Co zrobić, gdy masz nagły wydatek

Co zrobić, gdy masz nagły wydatek fot. edipresse
Kredyt dostaniesz w kwadrans. Potem jednak musisz go spłacać miesiącami. Zastanów się więc, czy z niego korzystać.
/ 14.04.2008 09:57
Co zrobić, gdy masz nagły wydatek fot. edipresse
Święta, wydłużone weekendy, wakacje to dla wielu z nas spory finansowy problem. Zwykle nie dysponujemy wolną gotówką, którą możemy przeznaczyć na takie wydatki. Gdy głowimy się, skąd wziąć pieniądze, na horyzoncie pojawia się bank, który kusi szybkimi pożyczkami dostępnymi „w 15 minut”, i tylko „na dowód”. Czy można się dziwić, że wiele z nas daje się złapać na ten bankowy haczyk? Jednak, jak mówi stare porzekadło, nie wszystko złoto, co się świeci. Dlatego warto dobrze przeanalizować wszystkie za i przeciw, zanim zdecydujesz się na wzięcie szybkiego kredytu.

Kredyt od zaraz

Tak zwana szybka pożyczka, którą oferują banki, to inaczej kredyt konsumencki. Jest on przyznawany rzeczywiście na bardzo dogodnych warunkach. Cechuje go:

* Dostępność. Aby dostać kredyt, musisz mieć stałe zatrudnienie albo pobierać rentę bądź emeryturę. Granica dochodu jest niska – wystarczy kilkaset (500–600) złotych miesięcznie, by ubiegać się o niezbyt dużą pożyczkę (przy takich zarobkach można dostać kilka tysięcy kredytu).
* Bez zbędnych formalności. To prawda, że do uzyskania pożyczki wystarczy okazanie dowodu osobistego (niektó-re banki żądają dodatkowo drugiego dokumentu tożsamości). Ale tylko w banku, w którym masz konto. Każdy- inny, do którego zwrócisz się z prośbą o szybki kredyt, poprosi cię o dostarcze-nie, oprócz dowodu, także zaświadczenia o zarobkach (na specjalnym bankowym druku, który możesz pobrać ze strony internetowej banku). Jeśli masz firmę, będziesz musiała przedstawić wpis do ewidencji gospodarczej oraz zaświadczenie z ZUS (że nie zalegasz ze składkami) i z urzędu skarbowego.
* Brak żyrantów. Minęły czasy, gdy starając się o taki kredyt, musiałaś namawiać znajomych, by poręczyli za ciebie w banku. Teraz żyranci nie są już potrzebni, ale banki znalazły inne sposoby, by zabezpieczyć się przed niesolidnymi dłużnikami.
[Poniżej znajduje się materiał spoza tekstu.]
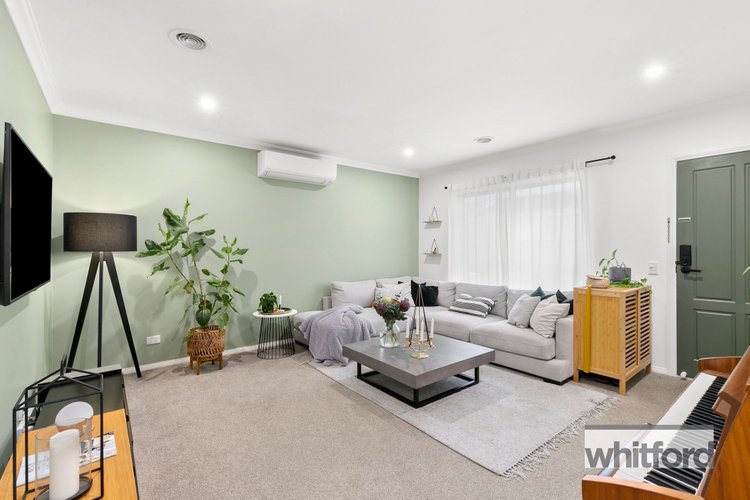 2/11 Cedarville Close, Highton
Licz się zatem z tym, że bank, który poprosisz o pożyczkę, może zażądać, abyś np. wykupiła polisę ubezpieczeniową jako gwarancję zwrotu długu.
* Szybka decyzja kredytowa. Reklamowane „15 minut” na przyznanie pożyczki nie jest przesadzone. Tyle bowiem wystarczy, by bank sprawdził cię w Biurze Informacji Kredytowej i Bankowym Rejestrze Niesolidnych Klientów. Jeśli nie zalegasz z opłatami, nie masz prywatnych długów, kredyt powinnaś dostać bez problemu.



Zanim weźmiesz, dobrze policz

Nie wierz bankowej reklamie, która głosi, że oprocentowanie kredytu jest jednocyfrowe.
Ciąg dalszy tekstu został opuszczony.